Monday, Jun. 14, 1937
Angel Steps Out
Manhattan's Maurice Wertheim is a cultured, Jewish international banker, a philanthropist, a founder of the Theatre Guild, a man of social conscience. Two years ago, Banker Wertheim bought for his Civic Aid Foundation Oswald Garrison Villard's famed old pinko weekly, The Nation, which was editorially strong at 70 but financially feeble. Mr. Wertheim kept hands off The Nation's policy, which was shaped by Editor Freda Kirchwey and her colleagues, Joseph Wood Krutch and Max Lerner. Under the Foundation's patronage, The Nation treated itself to a new format, the cartoons of brilliant David Low. With pinko-liberalism rampant in the land, circulation began to soar.
Last February, The Nation antagonized its angel by greeting Franklin Roosevelt's Supreme Court Plan with tempered approval as "a brilliant tour de force. . . . It is the task of progressives to support the measure--with an open-eyed awareness of its shortcomings."

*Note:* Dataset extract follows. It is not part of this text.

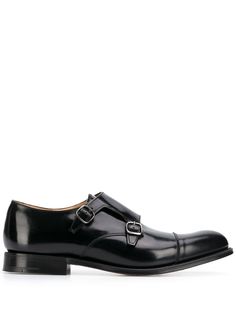 black leather polished finish side buckle fastening round toe branded insole low heel Churchs Shoes, Church's Shoes, Double Monk Strap Shoes, Monk Shoes, My Shoe Collection, Black Leather Oxfords, Double Monk Strap, Monk Strap Shoes, Leather Oxford Shoes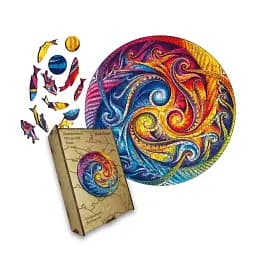 Дерев'яний фігурний пазл Мандала Спіральне Втілення, А2, Картонна коробка 300+ елементів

To record his disagreement with this stand, Banker Wertheim took a page and a half in the magazine. Wrote he: "For the purpose of immediate progressive legislation we are asked to sacrifice the great democratic principle that fundamental changes in our system of government shall result only from the decision of the people. . . . Does The Nation not know that it is clear beyond question, that the people have not passed on this subject? . . ."
Last week The Nation's difference with its backer was neatly resolved. With an all-time high of 43,000 readers, The Nation has become selfsupporting, so Banker Wertheim felt free to sell it to Editor Kirchwey for " a substantial cash consideration."
A Barnard graduate, quiet, bobbed-haired Freda Kirchwey has worked on The Nation for 19 years. In private life she is the wife of Director Evans Clark of Edward Filene's sociological Twentieth Century Fund.